Thus oddly, one might say awfully, do things come off: if I had not met that girl in the Stadt Park I might never have come at this meditation, and everything, in the end, would have been otherwise than it was.


CHAPTER XXII

END OF DEES

It was on my seventeenth morning in Gratz that, having been fortified with a letter by Herr Oberbürgermeister, I saw the Prince-bishop: the morning of an audience: so that I had first to wait a long time among a mob of all sorts of men, who passed in one by one at the call of a Spanish abbé with sandals on his feet, a lad of such beauty that one's eyes clung to his face, till my turn at last came, and I was ushered into a chamber almost Pompadour in style, with statues, mirrors, flowers, through a door of which one could see, and smell, the palace-chapel. The Prince-bishop was pacing the floor, shut up within himself. I think that I never saw a more imposing figure, for he was big, and, having lately come from the chapel, had on a most gorgeous large cope, the apparel of his amice sticking up stiffly about his jaws under a dalmatic that might have bought a farm. Here was the Church in the awe of her gaudery. He looked a young man of not more than thirty-five, and stood like a king; but his lengthy chin was retreating, and he had some kind of lisp which made his speech rather common and silly.

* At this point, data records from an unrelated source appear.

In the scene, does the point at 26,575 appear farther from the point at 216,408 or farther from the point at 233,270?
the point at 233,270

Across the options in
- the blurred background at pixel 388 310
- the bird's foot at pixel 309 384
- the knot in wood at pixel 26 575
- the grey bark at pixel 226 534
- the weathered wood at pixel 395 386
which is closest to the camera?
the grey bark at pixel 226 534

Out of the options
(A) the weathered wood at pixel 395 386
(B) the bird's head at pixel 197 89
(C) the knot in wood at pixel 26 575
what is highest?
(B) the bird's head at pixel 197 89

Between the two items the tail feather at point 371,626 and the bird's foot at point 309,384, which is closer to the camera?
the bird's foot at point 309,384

He motioned me to a chair, and as I unfolded my tale quietly enough he listened, pacing, pacing; but the moment I had finished he reddened, and, suddenly placing his two palms far forth on the table, bringing his face down to mine, the good man glared at me, giving forth the roar: "Impious scoundrel!"

I, for my part, felt myself flush, and half rose to answer the insult, for I fancied that he meant me: but he meant Baron Kolár!

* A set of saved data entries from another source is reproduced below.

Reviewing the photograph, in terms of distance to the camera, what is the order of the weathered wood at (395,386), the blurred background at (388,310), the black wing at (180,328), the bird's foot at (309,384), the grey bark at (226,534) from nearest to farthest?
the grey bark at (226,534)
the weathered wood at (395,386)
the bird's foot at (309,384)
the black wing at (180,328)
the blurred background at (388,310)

During the remainder of our half-hour's interview it became clear to me that there had been long-standing feud and war before this between the prince-bishop and the baron, an old trial of strengths never yet decided, but now to be decided; and when I deposited the affidavits with the great churchman I deposited them certain that I had at last discovered the key to the dungeon of Dees.

And so it proved: for, to cut short the story of intrigue, and runnings to and fro, and hurried breaths, during the next three days, on my twentieth day in Gratz a body of garrison-soldiers and sicherheitswachmänner, numbering twenty-seven, set out from Gratz for the mountains, I being in the rail-train with them, after having sent to Swandale the telegram: "All goes well; you will see us within four days."

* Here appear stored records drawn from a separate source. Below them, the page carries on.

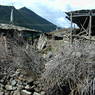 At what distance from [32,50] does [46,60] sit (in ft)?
2.98

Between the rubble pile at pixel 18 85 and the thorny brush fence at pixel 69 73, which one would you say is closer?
the thorny brush fence at pixel 69 73

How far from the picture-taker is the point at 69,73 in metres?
9.88

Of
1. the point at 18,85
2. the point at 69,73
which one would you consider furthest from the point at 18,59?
the point at 69,73

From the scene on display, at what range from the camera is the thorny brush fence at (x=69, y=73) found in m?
9.69

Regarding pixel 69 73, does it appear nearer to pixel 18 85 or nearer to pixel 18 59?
pixel 18 85

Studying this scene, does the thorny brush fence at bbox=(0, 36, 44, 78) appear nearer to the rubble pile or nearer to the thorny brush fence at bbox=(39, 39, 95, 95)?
the rubble pile

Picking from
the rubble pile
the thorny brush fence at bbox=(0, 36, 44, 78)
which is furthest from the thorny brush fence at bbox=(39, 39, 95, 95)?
the thorny brush fence at bbox=(0, 36, 44, 78)

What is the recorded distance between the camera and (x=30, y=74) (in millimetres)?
11102

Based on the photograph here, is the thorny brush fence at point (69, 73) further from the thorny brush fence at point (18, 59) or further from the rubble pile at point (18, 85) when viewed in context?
the thorny brush fence at point (18, 59)

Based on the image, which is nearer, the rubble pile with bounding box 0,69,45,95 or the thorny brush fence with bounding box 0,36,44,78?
the rubble pile with bounding box 0,69,45,95

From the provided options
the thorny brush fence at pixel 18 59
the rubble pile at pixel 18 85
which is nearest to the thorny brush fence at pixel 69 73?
the rubble pile at pixel 18 85

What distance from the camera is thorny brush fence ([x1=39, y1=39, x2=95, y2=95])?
9688mm

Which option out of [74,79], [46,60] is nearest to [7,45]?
[46,60]

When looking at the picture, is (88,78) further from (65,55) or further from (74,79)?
(65,55) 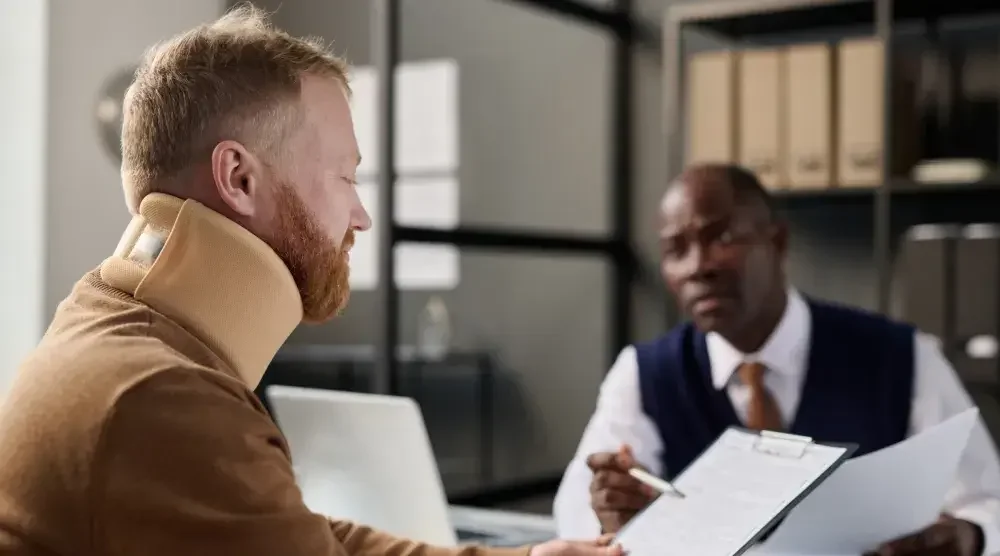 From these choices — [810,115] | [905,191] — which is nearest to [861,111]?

These officers of the law were sent out in secret, under orders to break into any part of Schweinstein Castle if need were, and to set free the priest. I parted from them at Badsögl at four in the afternoon, hurrying on upward on horseback, while the troop followed, travelling afoot. Langler and I clasped hands under the corn-sheaf hung in the guest-court porch, where he stood expecting me, looking, I thought, remarkably well, with the good old smile stretching his lips. It was a most happy meeting: I had returned in triumph to find him safe, with a bundle of edelweiss as white as his soul in his hands and a fine brown in his skin. "Well done, Arthur," said he to me, and I to him: "all through you." "No, nego, nego," he answered. "Well, the point is," said I, "that our pains are all but over, and Swandale once more in sight." "Ah, Swandale," said he, "well, that, too, by God's mercy. Did you telegraph to Emily?" "Yes," I answered. "I, too," said he. "Do you think," I asked, "that anyone up here knows yet of the coming of the troop?" "I fancy that Lossow knows," said he. "I wonder how?" said I. "I don't know," said he, "but I fancy that it is anticipated; however, it can be of no importance, since the troop are under vigorous orders." "Let us hope not," said I; "well, but I am very hungry." Just then Lossow's face appeared, trying not to smile, but chubbily smiling, so we ordered a meal, and, passing inward, I was met at the foot of the stair by the "kiss the hand, sir!" of the frau, of her children, and of all the household. At that moment, at any rate, I may say that these people wore their wonted faces, and seemed to have no weight on their minds.